Find the line with "Charlbury morris men" in the entries below, then output every line from it down to the line with "Person putting coins in a piggy bank", exactly and with no pictures.

DATA IN THIS EXERCISE>
——

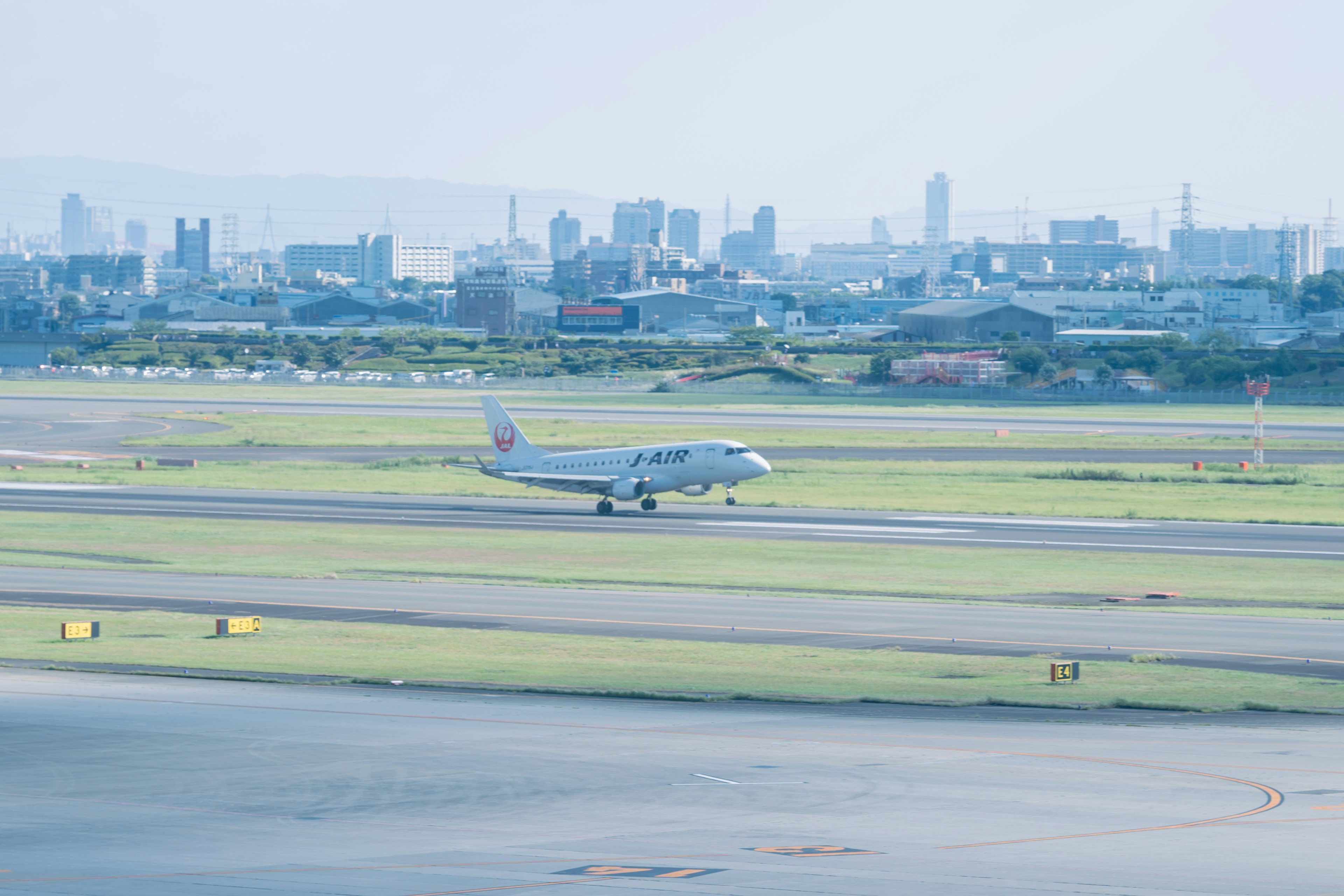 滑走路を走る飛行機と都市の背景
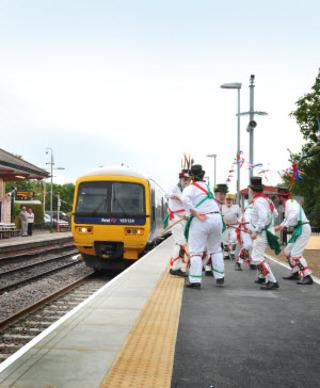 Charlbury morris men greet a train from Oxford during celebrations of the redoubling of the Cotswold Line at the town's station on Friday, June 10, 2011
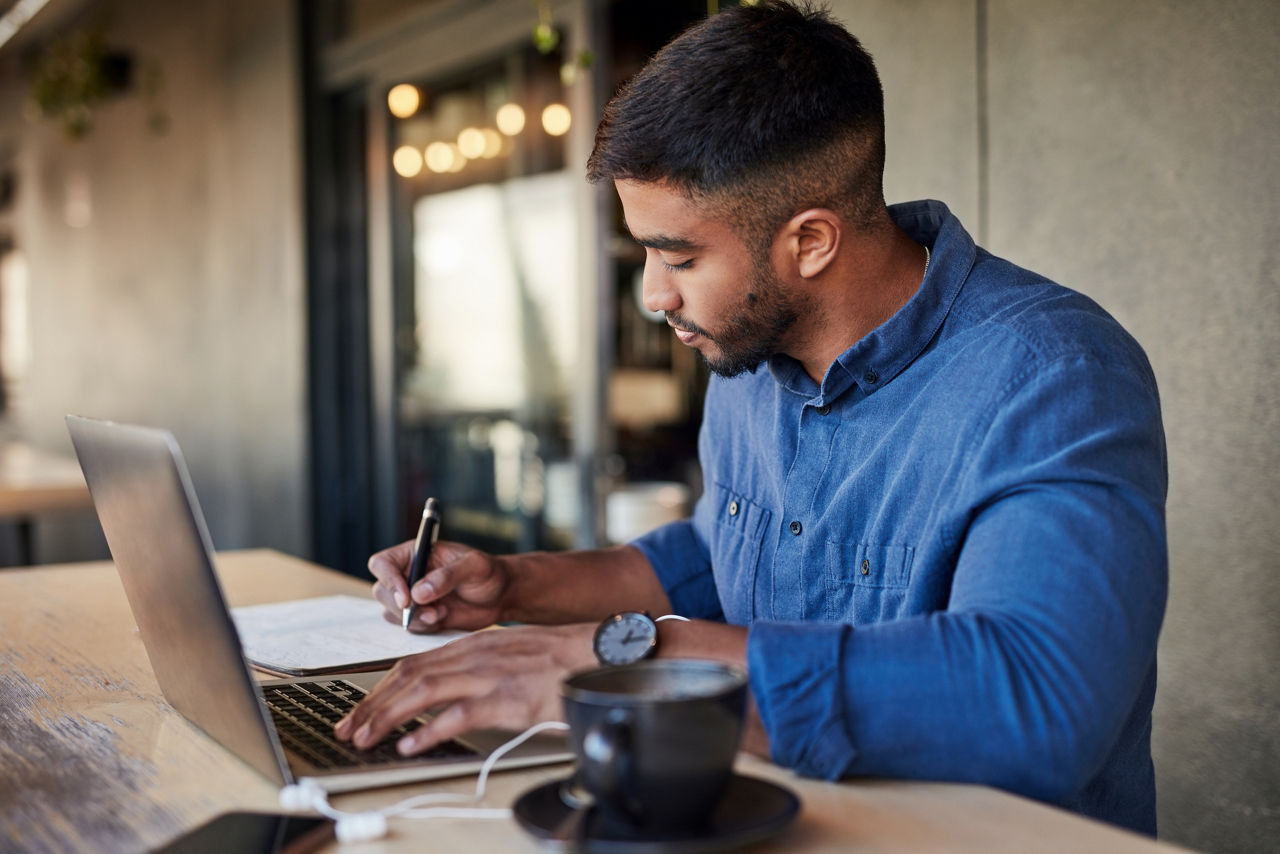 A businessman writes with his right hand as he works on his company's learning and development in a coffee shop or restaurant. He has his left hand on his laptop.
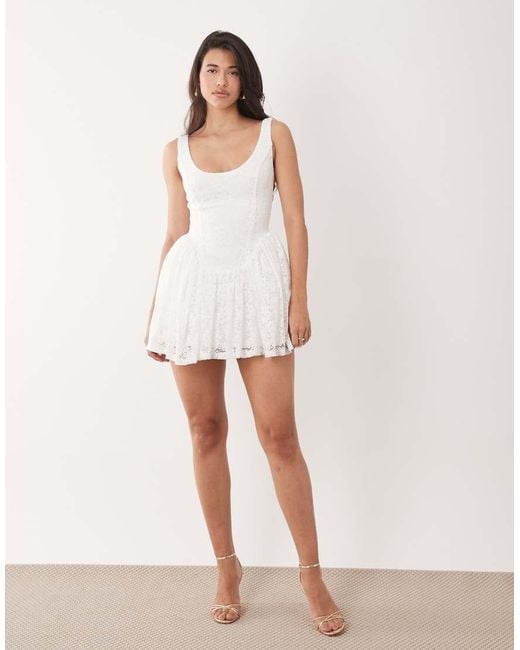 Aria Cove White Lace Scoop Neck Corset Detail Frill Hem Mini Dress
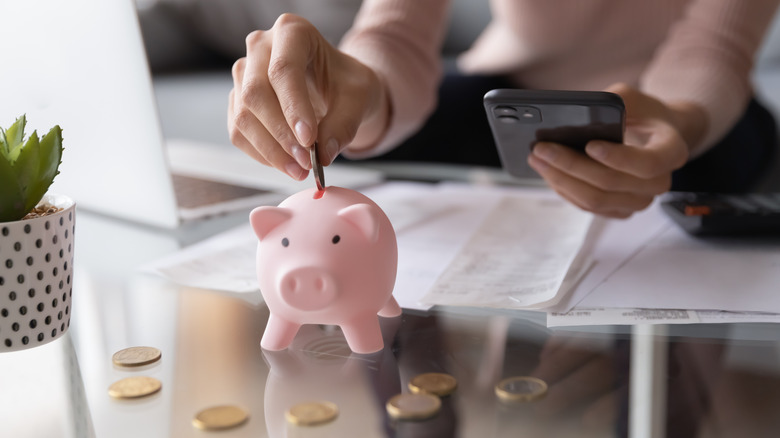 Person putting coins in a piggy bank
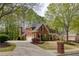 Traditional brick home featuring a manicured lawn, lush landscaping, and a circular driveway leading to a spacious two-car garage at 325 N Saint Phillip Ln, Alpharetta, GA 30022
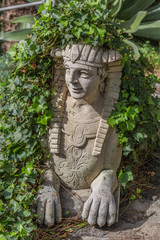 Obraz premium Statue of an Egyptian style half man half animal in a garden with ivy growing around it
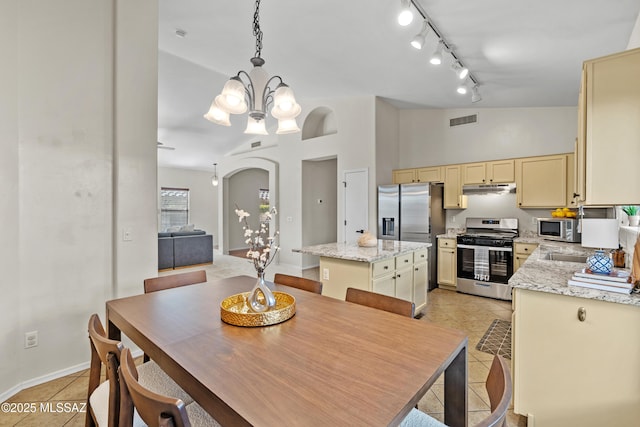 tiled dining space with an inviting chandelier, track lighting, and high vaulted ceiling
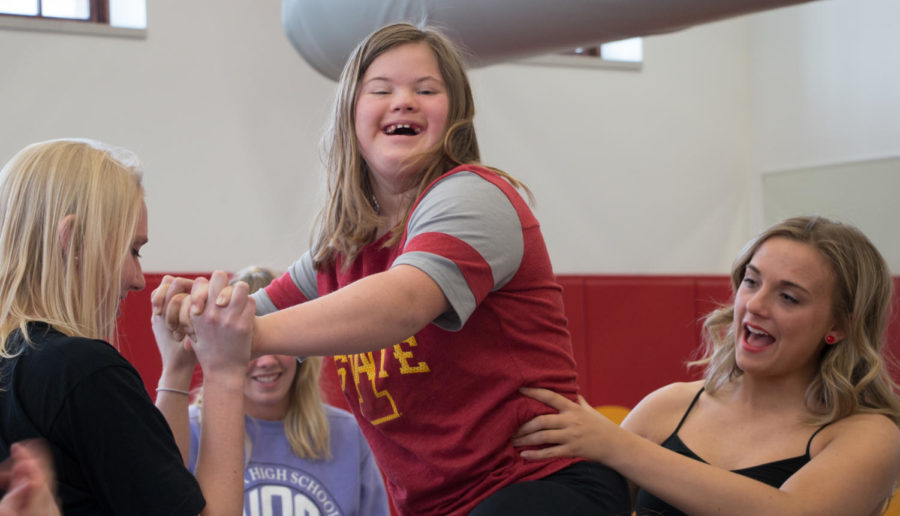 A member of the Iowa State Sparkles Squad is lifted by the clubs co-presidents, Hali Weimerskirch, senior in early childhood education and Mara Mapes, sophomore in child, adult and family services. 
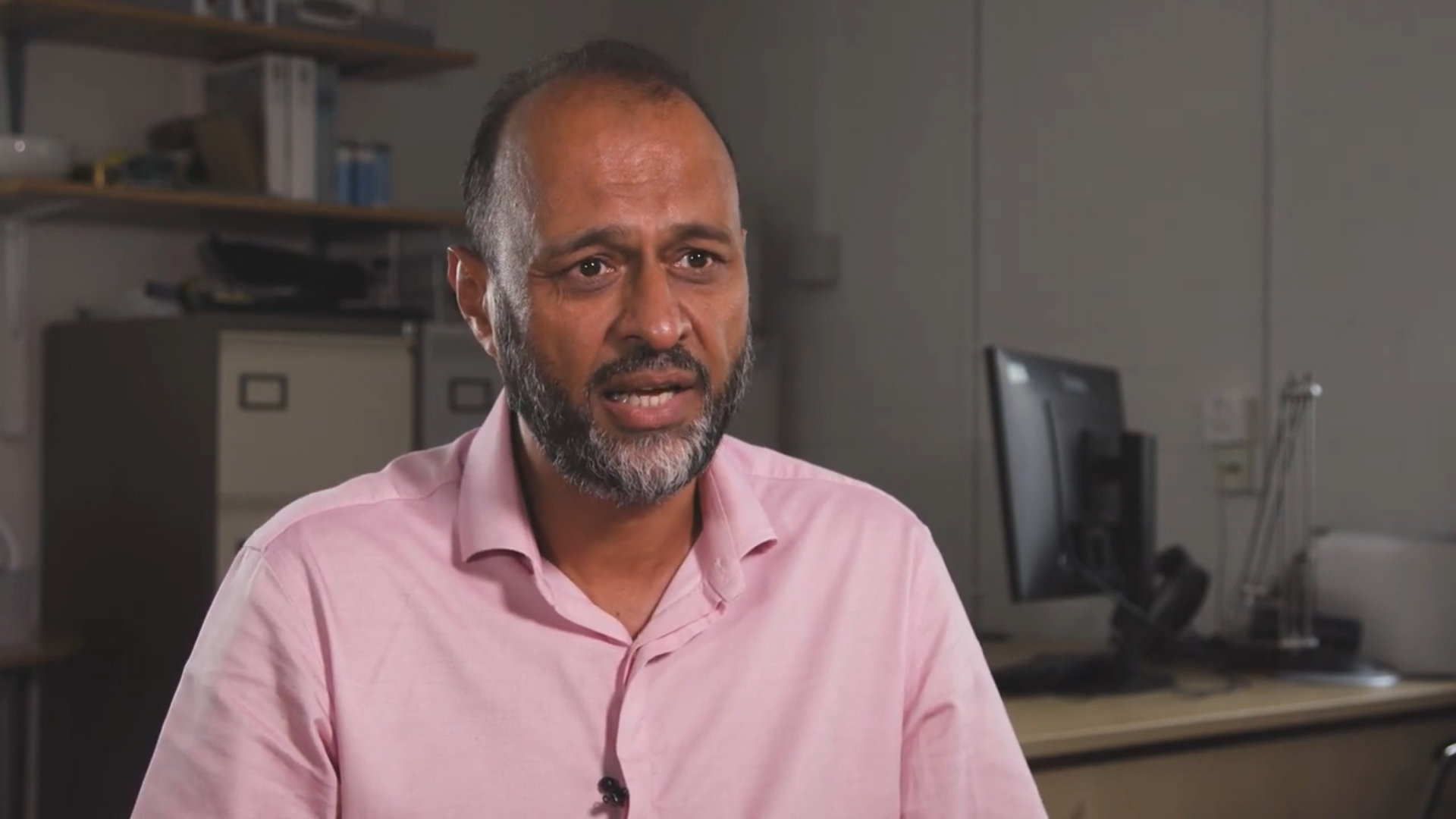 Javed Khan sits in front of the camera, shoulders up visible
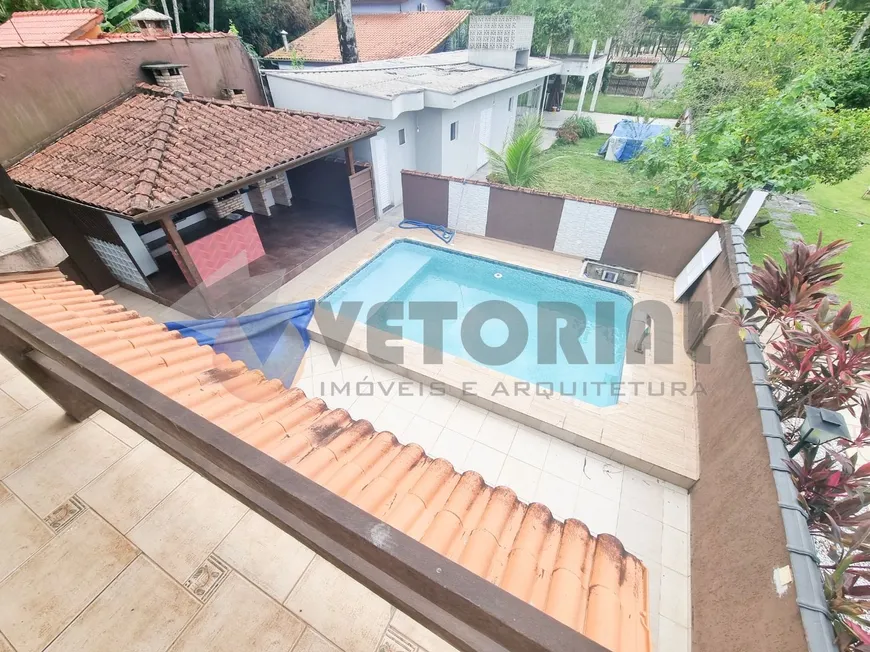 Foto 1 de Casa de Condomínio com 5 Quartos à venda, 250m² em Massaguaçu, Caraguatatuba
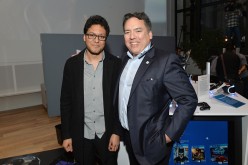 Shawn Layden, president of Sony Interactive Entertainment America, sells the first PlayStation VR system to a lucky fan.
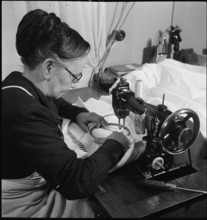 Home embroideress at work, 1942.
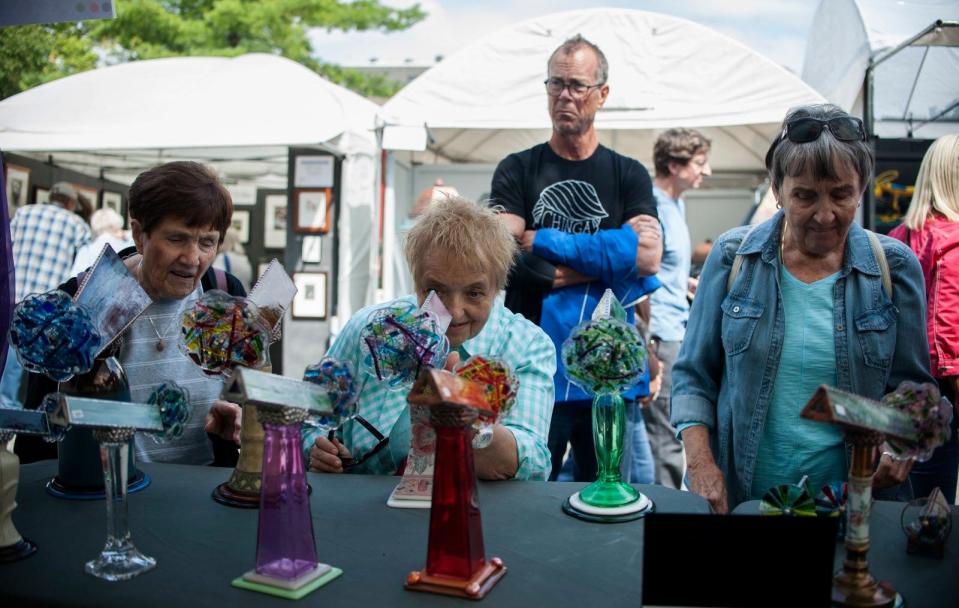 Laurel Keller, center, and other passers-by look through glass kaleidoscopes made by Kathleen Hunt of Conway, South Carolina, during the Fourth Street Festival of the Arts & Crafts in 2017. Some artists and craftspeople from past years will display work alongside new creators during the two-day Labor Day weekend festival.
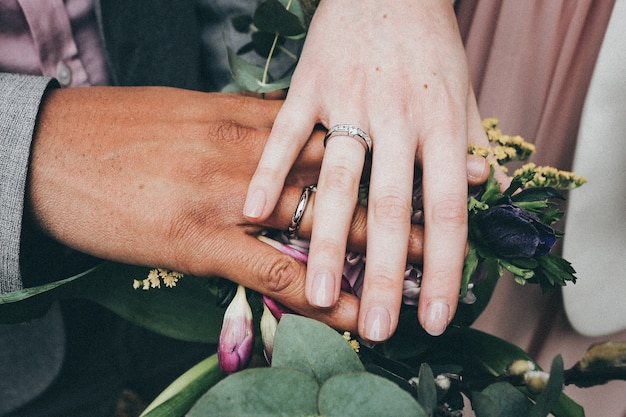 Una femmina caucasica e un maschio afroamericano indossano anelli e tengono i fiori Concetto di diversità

——

RESPONSE TO THE EXERCISE>
 Charlbury morris men greet a train from Oxford during celebrations of the redoubling of the Cotswold Line at the town's station on Friday, June 10, 2011
 A businessman writes with his right hand as he works on his company's learning and development in a coffee shop or restaurant. He has his left hand on his laptop.
 Aria Cove White Lace Scoop Neck Corset Detail Frill Hem Mini Dress
 Person putting coins in a piggy bank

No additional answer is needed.